We have a long talk before field day every year. I tell them that their value can never be reduced to a number, that I don’t care what their grade card says if they aren’t nice to our next door neighbor or don’t read with interest or finish what they start. I don’t want to have a place on that stand at the track meet over the numbers “1” or “2” or “3” – or not – change how they think of themselves. They roll their eyes. They want on the stand. They’re human.

I go to the track meet and my heart pains for the girl running distinctly back from the pack, or the boy who nails the ball several times in the grass just a few feet in front of him. I point that person out and tell the kids to find a way to say something genuinely appreciative to the person who lags, as well as the person who wins. I’m neither saint nor bleeding heart, because I’ve had my fair share of both wins and losses and learned equally from both, and wouldn’t deny anyone the chance to do either. But that doesn’t make it any easier in that moment for the kid who comes in last.

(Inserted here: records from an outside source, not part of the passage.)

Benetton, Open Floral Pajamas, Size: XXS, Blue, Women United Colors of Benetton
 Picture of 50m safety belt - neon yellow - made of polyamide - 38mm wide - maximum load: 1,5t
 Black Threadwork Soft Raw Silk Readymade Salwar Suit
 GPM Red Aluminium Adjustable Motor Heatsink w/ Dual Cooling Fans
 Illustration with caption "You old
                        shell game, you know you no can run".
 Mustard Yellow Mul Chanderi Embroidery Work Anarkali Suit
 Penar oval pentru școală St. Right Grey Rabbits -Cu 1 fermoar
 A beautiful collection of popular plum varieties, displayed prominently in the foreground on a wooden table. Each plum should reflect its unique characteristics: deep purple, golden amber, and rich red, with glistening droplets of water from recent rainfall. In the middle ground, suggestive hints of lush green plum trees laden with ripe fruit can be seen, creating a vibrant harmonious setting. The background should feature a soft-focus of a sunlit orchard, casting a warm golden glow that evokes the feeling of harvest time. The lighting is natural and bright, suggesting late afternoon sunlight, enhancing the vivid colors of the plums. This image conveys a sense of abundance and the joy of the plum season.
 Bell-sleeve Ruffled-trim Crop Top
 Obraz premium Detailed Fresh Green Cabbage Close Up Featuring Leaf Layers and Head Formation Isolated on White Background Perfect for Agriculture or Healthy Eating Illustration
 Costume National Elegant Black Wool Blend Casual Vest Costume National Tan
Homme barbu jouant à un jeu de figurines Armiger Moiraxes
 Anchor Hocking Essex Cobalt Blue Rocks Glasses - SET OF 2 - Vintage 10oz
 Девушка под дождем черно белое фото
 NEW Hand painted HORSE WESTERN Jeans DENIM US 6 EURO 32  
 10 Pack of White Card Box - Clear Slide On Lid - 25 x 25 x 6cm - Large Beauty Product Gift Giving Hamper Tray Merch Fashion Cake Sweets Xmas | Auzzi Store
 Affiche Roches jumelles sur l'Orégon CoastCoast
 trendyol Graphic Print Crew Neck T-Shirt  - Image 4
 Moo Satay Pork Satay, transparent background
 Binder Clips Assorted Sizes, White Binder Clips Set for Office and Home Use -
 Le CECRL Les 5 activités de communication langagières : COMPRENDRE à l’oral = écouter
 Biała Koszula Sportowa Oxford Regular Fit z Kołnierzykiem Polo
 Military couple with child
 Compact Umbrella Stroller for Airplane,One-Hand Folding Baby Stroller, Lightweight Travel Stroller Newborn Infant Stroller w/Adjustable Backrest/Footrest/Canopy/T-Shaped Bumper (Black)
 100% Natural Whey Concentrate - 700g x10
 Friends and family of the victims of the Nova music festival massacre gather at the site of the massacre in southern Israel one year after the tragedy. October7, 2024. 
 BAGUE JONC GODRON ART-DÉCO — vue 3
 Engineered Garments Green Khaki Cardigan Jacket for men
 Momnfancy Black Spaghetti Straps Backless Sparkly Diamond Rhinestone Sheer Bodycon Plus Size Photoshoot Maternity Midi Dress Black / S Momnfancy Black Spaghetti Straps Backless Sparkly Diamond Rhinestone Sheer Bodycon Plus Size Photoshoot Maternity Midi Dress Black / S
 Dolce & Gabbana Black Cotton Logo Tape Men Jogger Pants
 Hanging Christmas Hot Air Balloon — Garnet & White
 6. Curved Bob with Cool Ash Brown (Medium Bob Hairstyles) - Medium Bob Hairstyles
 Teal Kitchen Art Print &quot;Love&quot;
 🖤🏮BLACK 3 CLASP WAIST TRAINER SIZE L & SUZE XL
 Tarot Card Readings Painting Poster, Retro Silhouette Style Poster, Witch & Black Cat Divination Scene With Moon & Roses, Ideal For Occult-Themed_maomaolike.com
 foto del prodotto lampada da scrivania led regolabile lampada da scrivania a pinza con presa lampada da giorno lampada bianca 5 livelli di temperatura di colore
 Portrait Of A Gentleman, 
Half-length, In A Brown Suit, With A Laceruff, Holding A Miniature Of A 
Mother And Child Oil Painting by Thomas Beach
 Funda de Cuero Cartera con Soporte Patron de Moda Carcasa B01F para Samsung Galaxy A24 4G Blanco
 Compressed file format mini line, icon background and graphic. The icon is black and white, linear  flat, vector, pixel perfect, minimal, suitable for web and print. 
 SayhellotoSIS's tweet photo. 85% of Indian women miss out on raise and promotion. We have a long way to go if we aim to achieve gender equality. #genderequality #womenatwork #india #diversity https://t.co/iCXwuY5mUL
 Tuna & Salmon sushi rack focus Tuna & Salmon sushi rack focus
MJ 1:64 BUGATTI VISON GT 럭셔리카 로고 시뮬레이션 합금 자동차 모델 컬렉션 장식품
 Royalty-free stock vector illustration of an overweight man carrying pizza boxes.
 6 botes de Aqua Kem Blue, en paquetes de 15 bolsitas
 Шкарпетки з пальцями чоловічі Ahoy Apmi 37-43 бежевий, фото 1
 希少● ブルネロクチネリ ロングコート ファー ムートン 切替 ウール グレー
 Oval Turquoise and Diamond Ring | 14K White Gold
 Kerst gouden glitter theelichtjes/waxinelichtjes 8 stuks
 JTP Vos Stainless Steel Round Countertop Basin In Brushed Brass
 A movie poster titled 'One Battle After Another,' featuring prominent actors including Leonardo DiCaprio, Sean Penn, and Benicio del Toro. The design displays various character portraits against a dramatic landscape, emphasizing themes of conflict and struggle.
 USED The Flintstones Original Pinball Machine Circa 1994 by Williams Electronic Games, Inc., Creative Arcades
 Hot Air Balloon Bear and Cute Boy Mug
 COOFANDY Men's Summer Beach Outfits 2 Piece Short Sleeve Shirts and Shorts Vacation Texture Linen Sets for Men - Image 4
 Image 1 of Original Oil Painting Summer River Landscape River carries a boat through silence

Interestingly enough, my youngest daughter misses a recognition every year. It’s like a tradition now. This year she threw the softball 107 feet, significantly further than the girl who won first place. Last year it was a 200 meter time that wasn’t recorded and the year before it was something else I’ve forgotten. I was there for each, and I know what she did and how confusing it can be for those recording. I wondered how she felt about it. She just shrugged her shoulders. It’s disappointing at eleven to know you could have been standing over the “1” and instead you were sitting in the bleachers.

I asked her how it felt to know she could throw a softball that far. She brightened up and her face shone with confidence. “That’s the thing to keep down deep in your soul, girl!” I said. Not that she’s better than anyone else, but that she can do things. My youngest son also placed in the softball throw, but he wasn’t even there for the placements on the numbered blocks. His sister brought home his certificate and he was thrilled. He threw the ball, but until someone put a number to it, he didn’t know it was “good.” I asked if he was sorry to miss standing on the blocks to come home with me and do yard work. He screwed up his face and said, “Heck no.” Too boring. But the certificate is folded in his pocket, valid proof that he can do things.

Someone will always throw the softball further or run faster, make more or do more, or in some way have a number that can be compared. It will mean nothing, “sounding brass and tinkling cymbal,” and we will have to work to not be distracted by it. Keeping score is a two-edged sword, encouraging us when we do well and discouraging us when we lag, and either of those is very distracting. I think the goal is to let go of the score as soon as we can do the thing without a number attached because numbers suck the life out of things. Kids are natural runners – how sad if they forget that.

A king was once told that he had been weighed, measured, and found wanting. I doubt anything limited to integers found its way onto those balances. I have a feeling God’s weights and measures don’t run in ordinal numbers. Sometimes I don’t know what to do with a world whose measures do.